Supongo que los labios es como para imitar una porción de esfera. El grafico que fundamenta la ley de la inversa del 
cuadrado de la distancia (del por que la presion cae -6dB cada vez que se duplica la distancia ). Y este se parece a la forma de la bocina que comentas. 
Por otro lado la boca sería de mas supeficie que una rectangular de las mismas dimensiones debido a la curvatura. 
Si la bocina crece recta se comportaría como una bocina cónica. 

SAludos


----------



## Yoangel Lazaro (Abr 3, 2009)

Acá les dejo un enlace para que vean unas variadas formas de trompetas hasta con sus medidas   

http://www.usspeaker.com/horns1.htm

Edit:

Acá les decimos "trompetas" a lo que ustedes les llaman "bocinas"


----------



## vicmagucas (Dic 14, 2010)

detrakx, de corazón de doy mil gracias por la información. Se sirvó para diseñar una bocina como la quiero. Pero agora tengo un grabe problema, ¿Como doblo la bocina?¿Cuál es la técnica para doblar una bocina y así reducir su tamaño?

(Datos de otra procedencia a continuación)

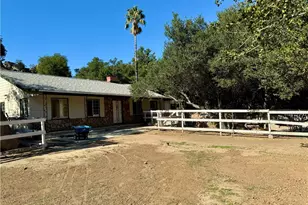 9633 Baden, Chatsworth, CA 91311 - Photo 15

Ayuda,   NO DEBO ESCRIBIR MI E-MAIL


----------



## Tacatomon (Dic 15, 2010)

Se agradece muuucho la info Detrakx. Esto de las trompetas/bocinas es un tema que me ha dado muchas inquietudes.

Saludos!


----------



## detrakx (Dic 24, 2010)

Hola vicmagucas: Como en la jerga del audio hay tendencia a utilizar cajas cubicas, la idea de plegarla la bocina es para que esta pueda entrar dentro. Y en lo posible aprovechar el maximo del volumen de la caja.
La bocina deberia tener las mismas caracteristicas, ahora bien lo que pudes hacer es:

Una vez que hayas calculado la bocina a esta dividirla en 10 partes iguales, de es manera partiendo de Sr hacia Sm. Obtendras 10 superficies distintas que iran incrementandose.
Al utilizar estas divisiones en la practica permite y evaluando las superficies a los largo de la bocina y asi mantenerse dentro de los valores calculados.

Tambien, sería bueno que mires diseños en la web, eso se va a orientar un poco.

Saludos.


----------



## McBeat25 (Mar 11, 2011)

Hola detrakx, muchas gracias por la info es de gran utilidad. Una pregunta la bibliografia que adjuntas es del libro de beranek, o es otra referencia agradeceria me dieras los datos de ella. Saludos


----------



## detrakx (Mar 20, 2011)

En Parte puede ser de Beranek, lo demas lo podes Encontrar en el Libro: " Electroacustica, Altavoces y Microfonos " de Ortega y Romero.

Saludos.


----------